## Required action
Would you please return only the lines from the one with "this 845×633 image." through the last line of the records below, leaving the pictures out?

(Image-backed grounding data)
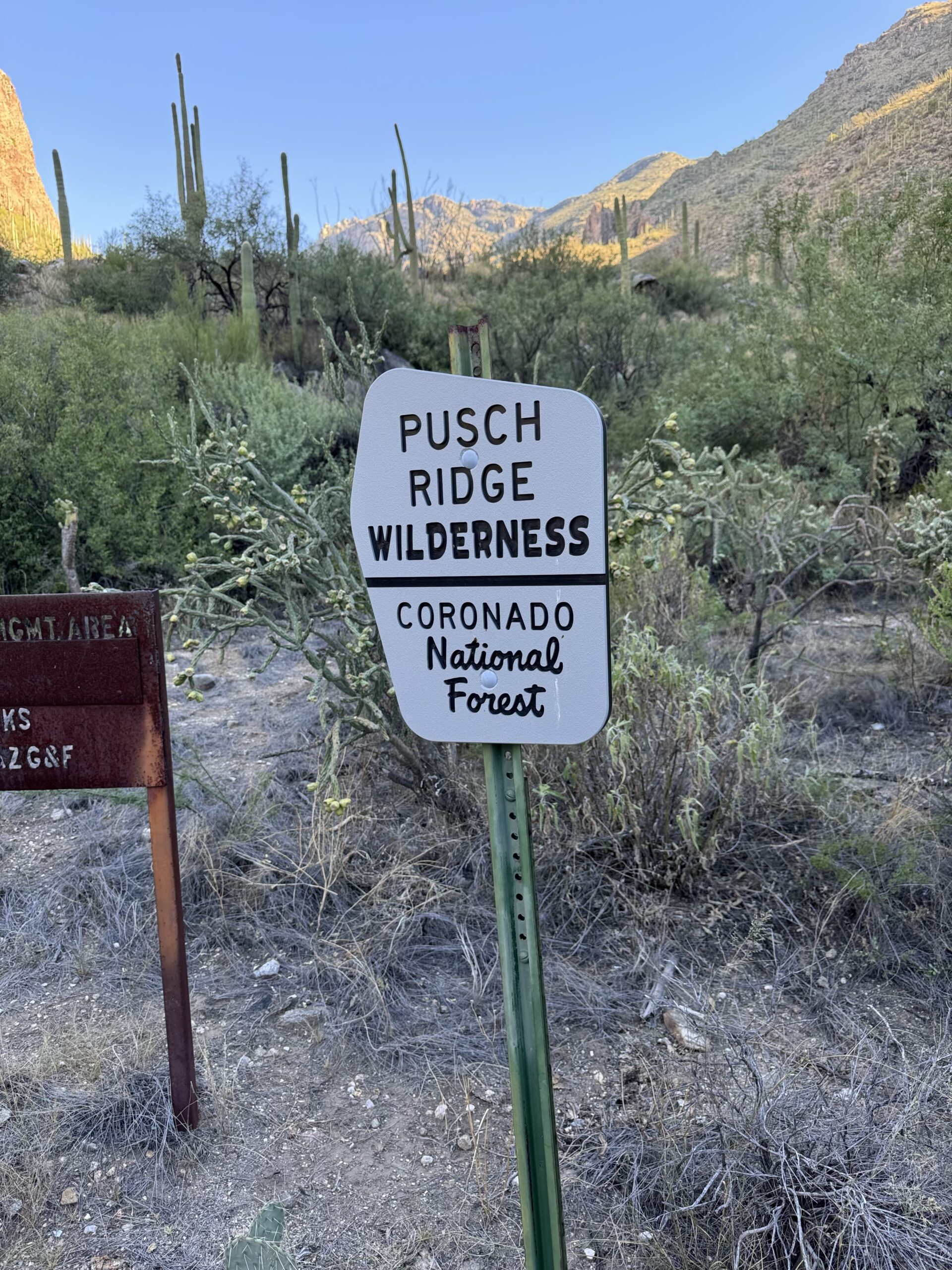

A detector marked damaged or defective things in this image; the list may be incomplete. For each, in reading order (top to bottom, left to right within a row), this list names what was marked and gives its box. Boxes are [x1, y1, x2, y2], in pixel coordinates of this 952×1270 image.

rusty brown metal sign [0, 594, 198, 1133]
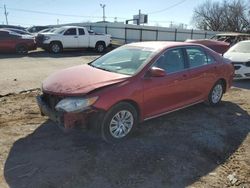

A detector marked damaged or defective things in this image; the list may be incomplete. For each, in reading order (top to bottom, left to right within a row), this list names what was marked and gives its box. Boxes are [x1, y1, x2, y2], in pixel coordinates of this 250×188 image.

crumpled hood [42, 64, 130, 95]
damaged front bumper [36, 94, 97, 130]
broken headlight lens [55, 96, 98, 112]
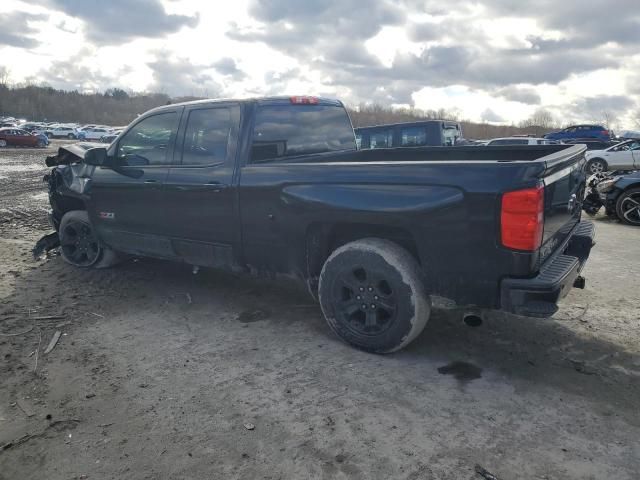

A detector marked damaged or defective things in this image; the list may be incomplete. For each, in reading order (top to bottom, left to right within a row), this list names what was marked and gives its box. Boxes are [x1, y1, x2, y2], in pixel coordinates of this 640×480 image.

damaged front end [33, 142, 101, 258]
damaged vehicle in background [35, 95, 596, 354]
damaged vehicle in background [584, 170, 640, 226]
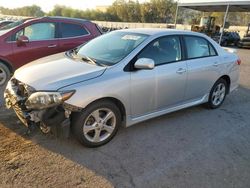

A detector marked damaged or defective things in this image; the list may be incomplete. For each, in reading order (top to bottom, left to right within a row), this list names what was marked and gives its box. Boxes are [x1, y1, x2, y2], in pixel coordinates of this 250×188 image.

damaged front bumper [3, 78, 81, 138]
cracked headlight [25, 90, 75, 109]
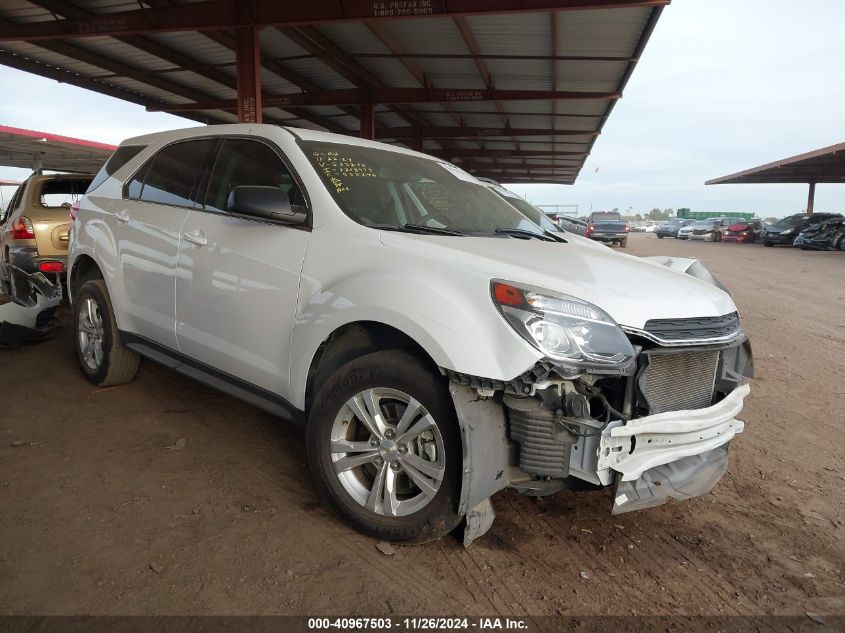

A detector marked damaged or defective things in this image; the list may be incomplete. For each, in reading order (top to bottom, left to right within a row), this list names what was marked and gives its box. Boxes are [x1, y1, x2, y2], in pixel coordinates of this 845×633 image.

damaged front end [0, 266, 62, 348]
damaged front end [448, 272, 752, 544]
crumpled front bumper [596, 382, 748, 512]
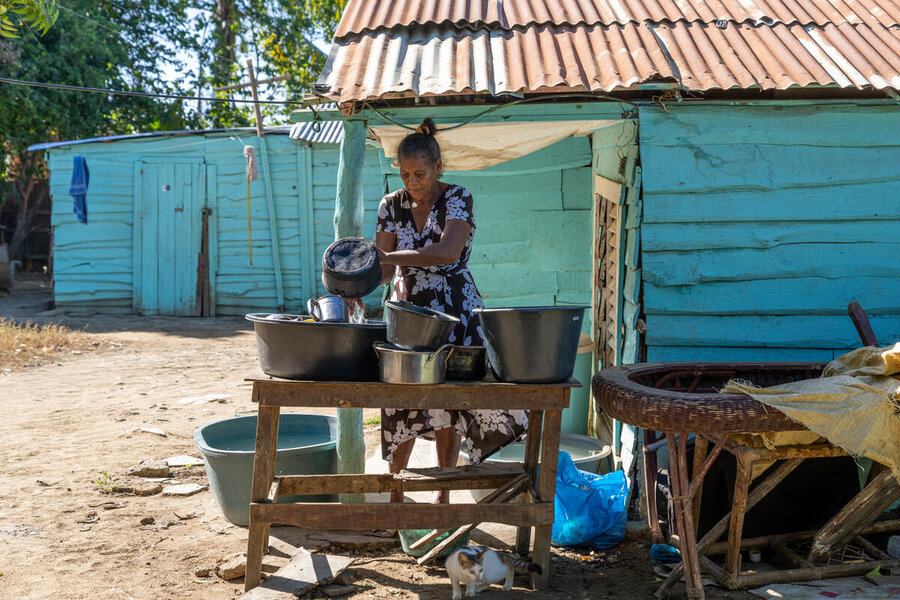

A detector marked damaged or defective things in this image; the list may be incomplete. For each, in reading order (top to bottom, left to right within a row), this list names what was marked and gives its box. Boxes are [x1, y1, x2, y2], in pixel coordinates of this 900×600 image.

## Worked solution
A detector marked damaged or defective things in this image; the list may be incomplete. For each, in reading order (top to bottom, left to right within a row), this list names what was marked and gives its box. Boxes are [x1, y1, x2, y2], in pixel coordinates of this 845×633 image.

damaged front end [0, 266, 62, 348]
damaged front end [448, 272, 752, 544]
crumpled front bumper [596, 382, 748, 512]

A detector marked damaged or defective things in this image; the list may be incomplete. For each, in reading order (top to bottom, left to right within a row), this list names what was marked and gives its box. Boxes are [x1, y1, x2, y2], in pixel coordinates of this 900×600 image.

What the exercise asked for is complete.